--- Information provided ---
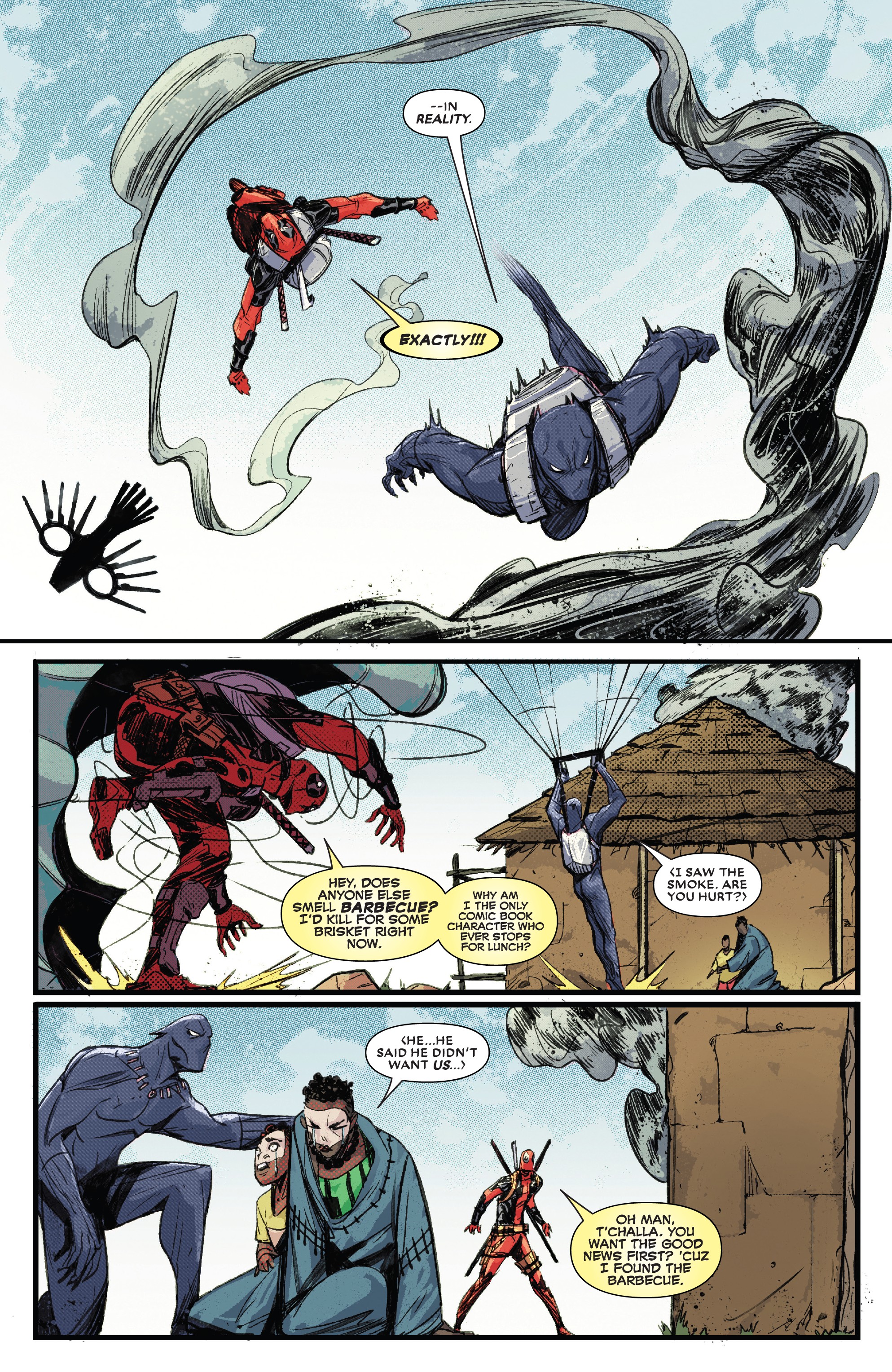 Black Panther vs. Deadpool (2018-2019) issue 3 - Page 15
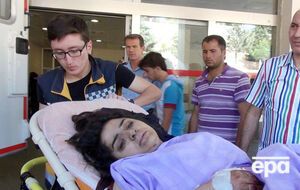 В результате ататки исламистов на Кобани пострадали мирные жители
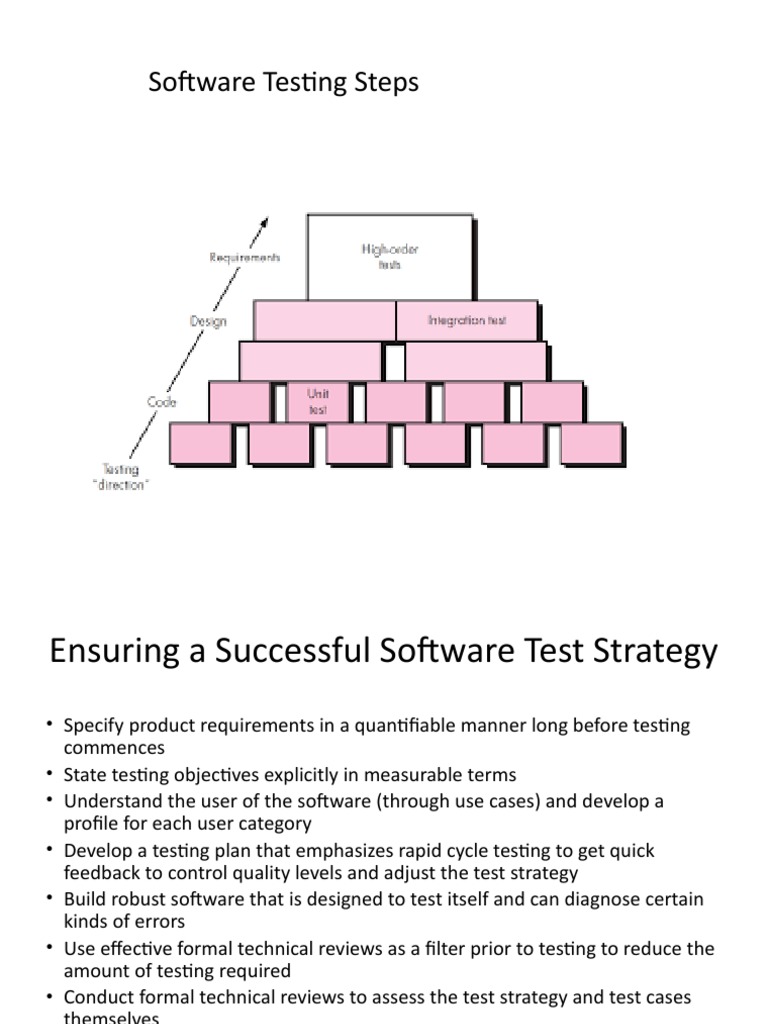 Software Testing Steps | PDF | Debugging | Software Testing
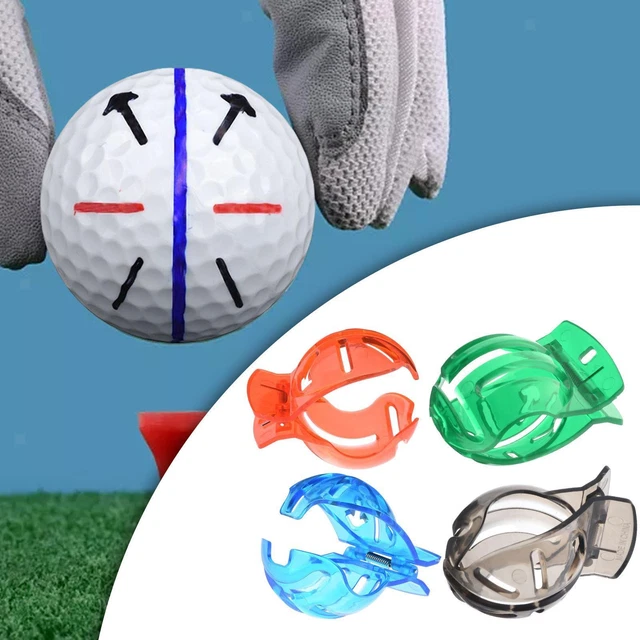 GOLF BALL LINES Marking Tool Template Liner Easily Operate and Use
---
Return the material exactly as written, except for any pictures it holds.

#### Written response
 Black Panther vs. Deadpool (2018-2019) issue 3 - Page 15
 В результате ататки исламистов на Кобани пострадали мирные жители
 Software Testing Steps | PDF | Debugging | Software Testing
 GOLF BALL LINES Marking Tool Template Liner Easily Operate and Use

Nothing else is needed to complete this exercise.